Interessant – um hiermit zum Vorwort eines Programmbuches für eine Konzertreihe hinzuführen – ist die Tatsache, dass Gerhard Schulzes Milieustudie sich auch auf jeweils sehr verschieden geartete musikalische Geschmäcker und damit auf die Bevorzugung verschiedener Arten von Musik bezieht.
Schulze beschreibt fünf verschiedene Milieus, deren erstes er Niveaumilieu (1) nennt.
Seine Lebensphilosophie baut auf Perfektion auf, seine Liebe gilt der klassischen Musik, Opern- und Theateraufführungen. (Weitere wissenssoziologische Eigenschaften nach Schulze: Weltverankerung, Streben nach Rang, Komplexität; Erlebnisparadigma: Nobelpreisverleihung.)

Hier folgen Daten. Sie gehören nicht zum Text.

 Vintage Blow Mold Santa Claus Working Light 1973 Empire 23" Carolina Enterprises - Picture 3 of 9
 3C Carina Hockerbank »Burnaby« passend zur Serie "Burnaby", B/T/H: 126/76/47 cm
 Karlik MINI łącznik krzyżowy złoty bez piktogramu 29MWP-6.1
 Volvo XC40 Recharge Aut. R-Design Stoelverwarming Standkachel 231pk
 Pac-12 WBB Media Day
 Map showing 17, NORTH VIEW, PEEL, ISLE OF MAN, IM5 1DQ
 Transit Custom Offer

Es ist nicht schwer zu erraten, dass dieses Niveaumilieu auch bei den Innsbrucker Promenadenkonzerten zu einem beachtlichen Teil durch all jene Damen und Herren vertreten wird, die das Ende der Konzertsaison im Congress Innsbruck und die Ferien im Tiroler Landestheater dazu benützen, ihre musikalischen Sehnsüchte im Innenhof der Kaiserlichen Hofburg zu befriedigen – wie es ja schon zu Mozarts Zeiten üblich war, Ausschnitte aus berühmten Werken vor allem der gerade aktuellen Opernproduktion bei abendlichen Serenaden darzubieten.

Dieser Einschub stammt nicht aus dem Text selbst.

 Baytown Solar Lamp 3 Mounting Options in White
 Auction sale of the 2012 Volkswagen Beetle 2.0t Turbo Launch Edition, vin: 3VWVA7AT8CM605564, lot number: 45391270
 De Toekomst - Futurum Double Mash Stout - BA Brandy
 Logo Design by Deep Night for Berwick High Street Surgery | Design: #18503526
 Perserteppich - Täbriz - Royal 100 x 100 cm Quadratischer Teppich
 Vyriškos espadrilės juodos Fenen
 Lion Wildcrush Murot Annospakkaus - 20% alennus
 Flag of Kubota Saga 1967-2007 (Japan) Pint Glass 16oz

Dem Niveaumilieu entgegengesetzt ist das sogenannte Harmoniemilieu (2), dessen Verhalten dadurch gekennzeichnet ist, nicht aufzufallen, und dessen Lebensphilosophie Harmonie anstrebt. (Weitere wissenssoziologische Eigenschaften nach Schulze: Weltverankerung, Streben nach Geborgenheit, Einfachheit; Erlebnisparadigma: Hochzeit.) Dieses Milieu bevorzugt im Gegensatz zu den Anhängern der Klassik eher Volksmusik, Unterhaltungsmusik, traditionelle Blasmusik und – 1992 gab’s die Dame noch nicht – ganz bestimmt Helene Fischer.

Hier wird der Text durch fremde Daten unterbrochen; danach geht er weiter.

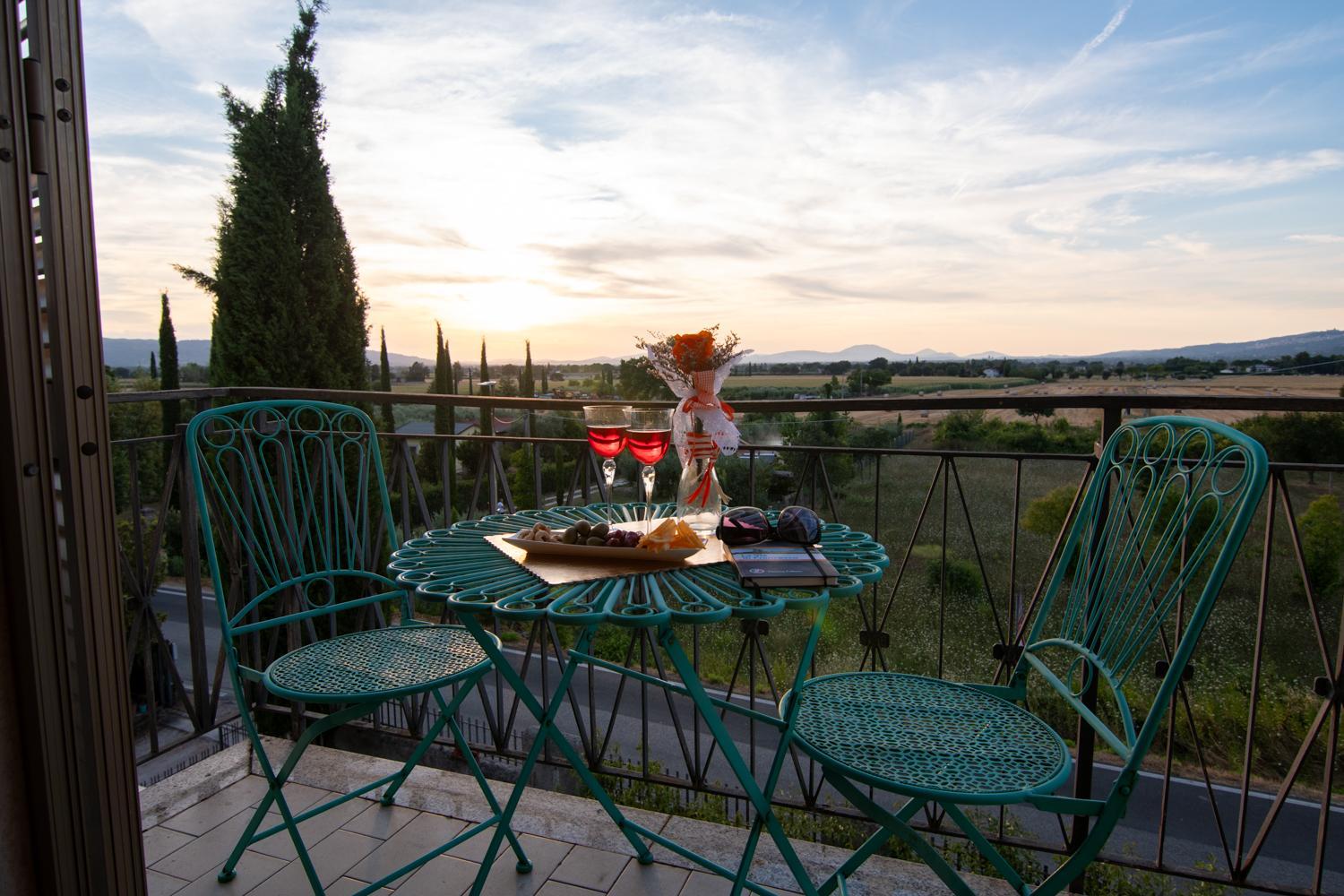 balance & terrace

Ein weiteres Milieu der Schulze’schen Studie ist das Integrationsmilieu (3), das als Mischung aus Niveau- und Harmoniemilieu definiert wird. Sein Verhaltensziel ist Gemütlichkeit und Kontemplation, es definiert sich als antiexzentrisch und bevorzugt Harmonie und Perfektion zugleich. (Weitere wissenssoziologische Eigenschaften nach Schulze: Weltverankerung, Streben nach Konformität; Erlebnisparadigma: die nette Runde.) Bevorzugte Musikrichtungen sind die sogenannte Ernste Musik im Sinne von Klassik light, aber auch Jazz, fallweise Opern und Konzerte.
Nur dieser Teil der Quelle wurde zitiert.